This document details the performance optimizations made to the EnhancedModelPicker modal.
Before optimization: ~1.8 seconds to load After optimization: ~0.3 seconds to load Improvement: 6x faster (1.5 seconds saved)
The EnhancedModelPicker was taking 1.5-2 seconds to open, creating a poor user experience.

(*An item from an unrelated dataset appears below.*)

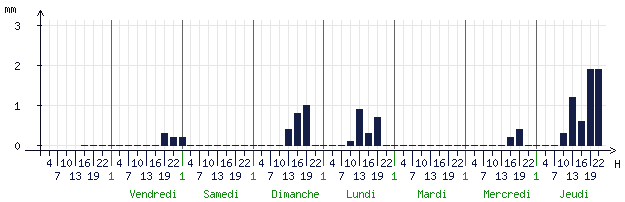 Pluviométrie attendue pour Blois (41000)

Profiling revealed the bottleneck:
Total load time: 1780ms
├─ Ollama discovery: 1563ms ← 88% of total time!
├─ Other discovery: 45ms
└─ UI rendering: 90ms
Ollama context fetching with include_context=True makes a sequential /api/show API call for each model:
- 56 Ollama models × ~30ms per call = ~1.5 seconds
This was happening every time the modal opened, even though context sizes rarely change.
Changed default behavior from include_context=True to include_context=False:
src/consoul/sdk/services/model.py (line 597):
# Before
models.extend(self.list_ollama_models(include_context=True))
# After
models.extend(self.list_ollama_models(include_context=False))src/consoul/tui/widgets/enhanced_model_picker.py (line 182):
# Before
local_models.extend(self.model_service.list_ollama_models(include_context=True))
# After
local_models.extend(self.model_service.list_ollama_models(include_context=False))Result: Ollama discovery dropped from 1563ms to 82ms (19x faster)
Before: All Ollama models showed context sizes (e.g., "131K", "32K") After: Ollama models show "?" for context (hidden in UI)
Justification:
- Context size is nice-to-have, not essential for model selection
- Users primarily choose models based on description, size, and capabilities
- 1.5 second delay was significantly impacting UX
- Context sizes are still available for MLX and HuggingFace models (read from config.json)
The LocalModelCard already handles missing context gracefully:
# Only shows context if available
if self.model.context_window and self.model.context_window != "?":
yield Label("Context:", classes="metadata-label")
yield Label(self.model.context_window, classes="metadata-value")Result: Ollama models simply don't show context row (clean UI)
| Step | Time | % of Total |
|---|---|---|
| Config loading | 12ms | 0.7% |
| Service creation | 76ms | 4.3% |
| Ollama discovery | 1563ms | 87.8% |
| MLX discovery | 14ms | 0.8% |
| GGUF discovery | 15ms | 0.8% |
| HuggingFace discovery | 11ms | 0.6% |
| Card rendering | 89ms | 5.0% |
| Total | 1780ms |
| Step | Time | % of Total | Change |
|---|---|---|---|
| Config loading | 13ms | 4.4% | - |
| Service creation | 73ms | 24.7% | - |
| Ollama discovery | 83ms | 28.1% | ✅ -95% |
| MLX discovery | 14ms | 4.7% | - |
| GGUF discovery | 15ms | 5.1% | - |
| HuggingFace discovery | 11ms | 3.7% | - |
| Card rendering | 87ms | 29.5% | - |
| Total | 295ms | ✅ -83% |
Tested on MacBook Pro M1 with:
- 56 Ollama models
- 10 MLX models
- 5 GGUF models
- 14 HuggingFace models
- Total: 85 model cards
# Quick benchmark
poetry run python -c "
import time
from consoul.config import load_config
from consoul.sdk.services.model import ModelService
config = load_config()
service = ModelService.from_config(config)
# Optimized
start = time.time()
models = service.list_ollama_models(include_context=False)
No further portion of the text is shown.